Yahoo, in conjunction with Revenue Science, has been testing its contextual ads on web pages based on user behavior. (via AdWeek)

In contrast to Google’s AdSense, Revenue Science’s technology targets ads to user behavior. By tracking a user’s site behavior, Revenue Science and Yahoo are hoping to attain better results than ads based on page context.

If Yahoo can successfully combine contextual advertising with behavior targeting, they will be offering a better solution for publishers and advertisers – win win for Yahoo and everyone using their advertising network.
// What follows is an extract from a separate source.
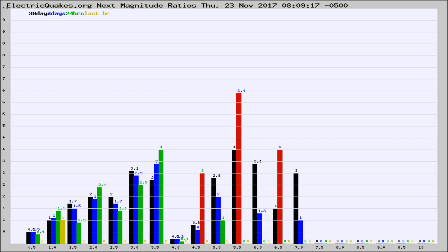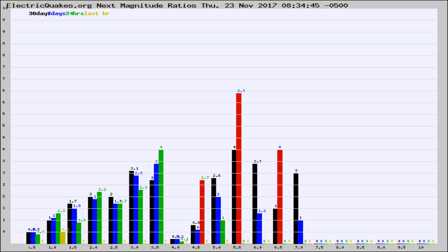Now you're seeing the next magnitude ratios, which is a graph of the ratio of, say, magnitude 2 to the number of magnitude 3s, which should stay consistent for any given area. If it changes between the last 30 days, 7 days, 24 hours, and last hour, it may indicate something unusual happening in that area. This is worldwide.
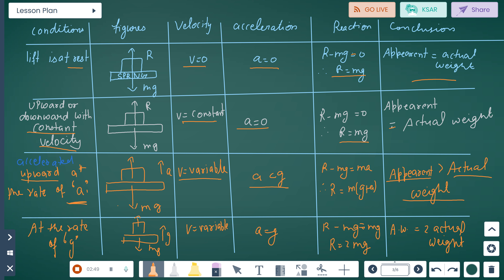Fourth condition: when the lift accelerates upward at rate g, so a equals g. Then R minus mg equals mg, giving R equals 2mg. Therefore, apparent weight equals twice the actual weight.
Improvements to MSN’s Search Engine

MSN released several improvements to its search engine this week. (via

They’ve added local search, sports instant answers, and new operators.

We’ve added FileType:, one of the most asked for operators, which restricts documents to a particular filetype. InAnchor:, InURL:, InTitle:, and InBody: are now available to find keywords in a particular part of the document, or in anchor text pointing to a document. We’ve augmented the Link: keyword that finds documents that link to a particular page with LinkDomain:, which finds documents that point to any page in a domain. Finally, we’ve added a new experimental operator called Contains:. Contains: returns documents that contain hyperlinks to documents with a particular file extension; for example, contains:wma returns documents that contain a link to a WMA file.

How America Searches

Some interesting stats from iCrossing and Harris Interactive’s study of US adult search patterns.

  • 93% of all online adults have at least three years of Internet experience.
  • Over half (53%) of all U.S. adults who are online use search engines most or every time they are online.
  • The vast majority of search engine users (88%) say they use search engines to research specific topics.
  • 51% of online adults in the U.S. use search engines for shopping.
  • Of 1,047 adults using search engines for shopping, 80% use it to compare prices.
  • 56% of online adults do not know the difference between natural search engine results and paid search listings.

Marketing Vox has a good summary of the study.